Despite it being a difficult choice for Awad who has suffered criticism from the Arab population in Israel, the Palestinian Authority, and the rest of the Arab world, Noa tells ISRAEL21c that their performing together shows the world a true model of coexistence happening inside the borders of Israel.
True friends, a true partnership
“Beyond everything, it’s a great thing. It’s not some invention, some kind of clever ‘twist’ showing that an [Israeli] has managed to outsmart everyone again,” says Noa, responding to negative criticism she’s felt in Europe and from Arabs.
Neither an artificial pairing to show a fake display of friendship, nor a political statement, she says of her teaming up with Awad: “We’ve been friends for eight years. I was asked, and I said I only want to go together with her.”
Noa is one of Israel’s most popular singers. Born in Tel Aviv, she grew up in the United States, returning to Israel at age 17. Awad’s father is a Christian Arab from the Galilee region in Israel, where she grew up, and her mother is from Bulgaria.

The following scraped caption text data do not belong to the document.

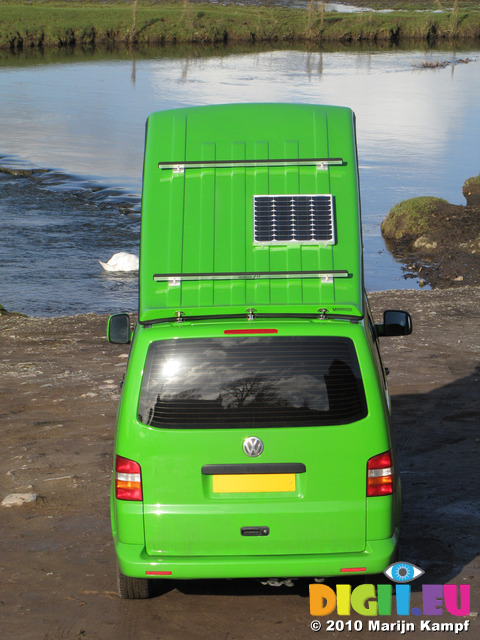 SX12393 Our green VW T5 campervan with popup roof at Ogmore Castle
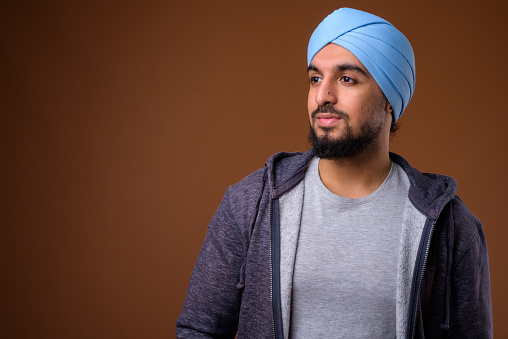 Studio shot of young bearded Indian man wearing casual clothing with blue turban against colored background horizontal shot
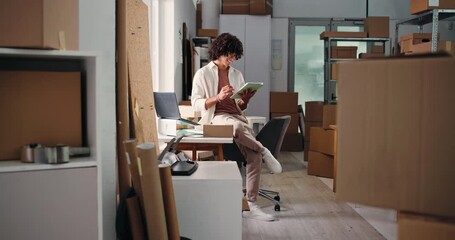 Laptop, logistics and tablet with man in office for delivery, distribution or shipping of boxes. App, computer and planning with employee in supply chain depot for agenda, parcel tracking or schedule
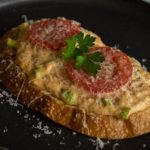 Toasted Bread topped with crab, tomatoes and parmesan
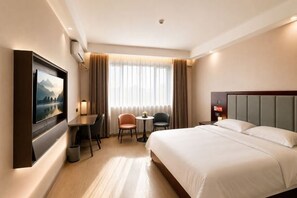 A hotel room with a bed, a desk, two chairs, a TV, and a window with curtains. - Jinse Sunshine Hotel (Baicheng)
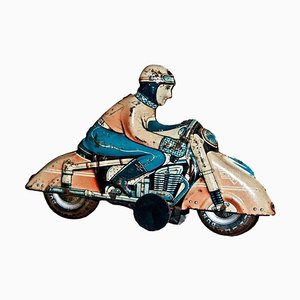 Juguete HKN de motociclista de Huki Kienberger, años 50
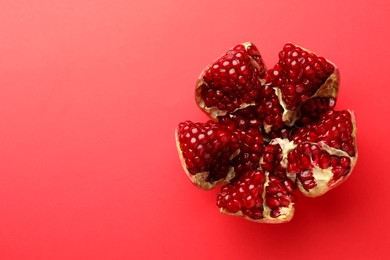 Photo of Cut fresh pomegranate on red background, top view. Space for text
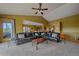 Spacious living area featuring an open layout and easy access to other living spaces in the home at 330 N Rocky Cliff Trl, Franktown, CO 80016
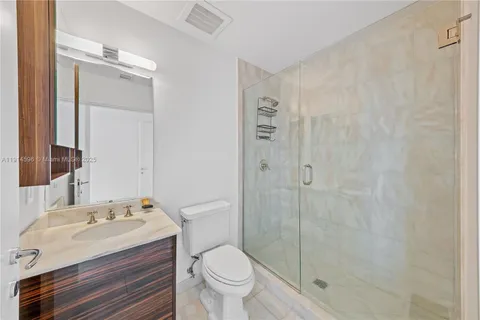 a bathroom with a granite countertop sink toilet and shower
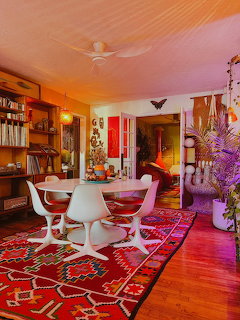 Colorful mid-century modern dining room with white tulip table, chairs, red patterned rug, and eclectic decor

“At the end of the day we’re giving an example of co-existence – what can be if people choose dialog over violence,” Noa tells ISRAEL21c. “Now we’ll see how much time it takes for the wheels to turn.”

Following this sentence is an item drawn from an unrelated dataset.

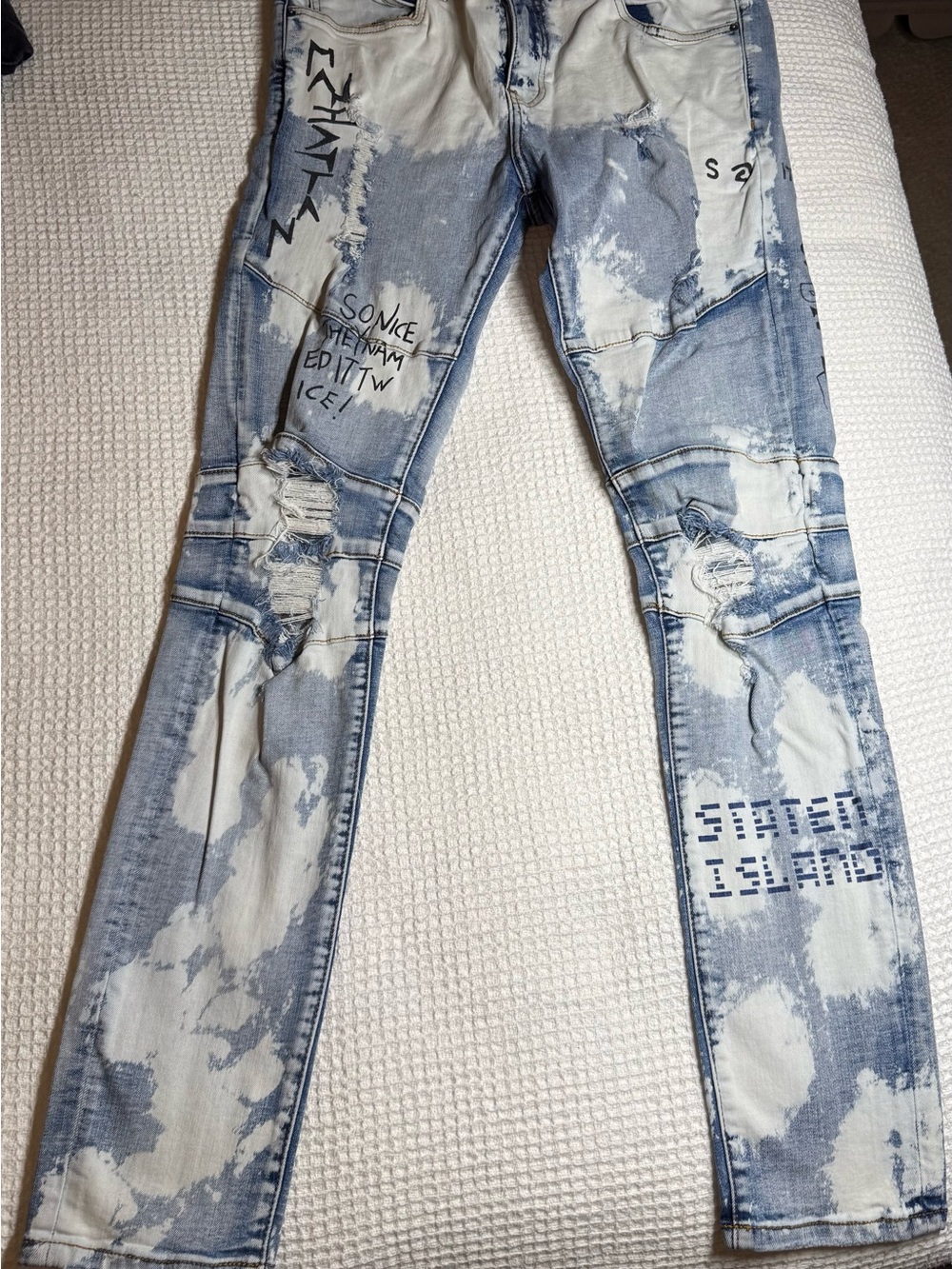 Men's Straight Light Blue Washed Jeans with Distressed Detailing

Noa and Awad won’t be the first mixed Israeli group to hit the Eurovision stage, but with wounds from renewed fighting in Gaza earlier this year still open, theirs might be the most inspirational act yet, showing how people and art, not politics can be a bridge for peace.
Seeing a new side of the Jewish and Arab community
Israel has won the Eurovision contest a few times since it began participating in the show in 1973. Although geographically not located in Europe, Israel is a member of the European Broadcast Union and therefore qualified to enter.
Israel has won three times, once by Izhar Cohen and Alphabeta who won in 1978 with the song A-Ba-Ni-Bi, then in 1979 with the song Hallelujah performed by Gali Atari & Milk and Honey. The third and most controversial win came in 1998, when the transsexual Dana International won with her song Diva.
Noa and Awad hope their song Your Eyes,, which they co-wrote, might help people see their complicated reality in a different light. Sung in Arabic, Hebrew and English, the song carries a message of peace and hope, and it may win the duo first place at the awards happening this May in Moscow.
Speaking with ISRAEL21c, Noa says that there has been “all kinds of reactions” in the international community — some critical, some supportive. The criticism, she says, comes mainly from people with political motives.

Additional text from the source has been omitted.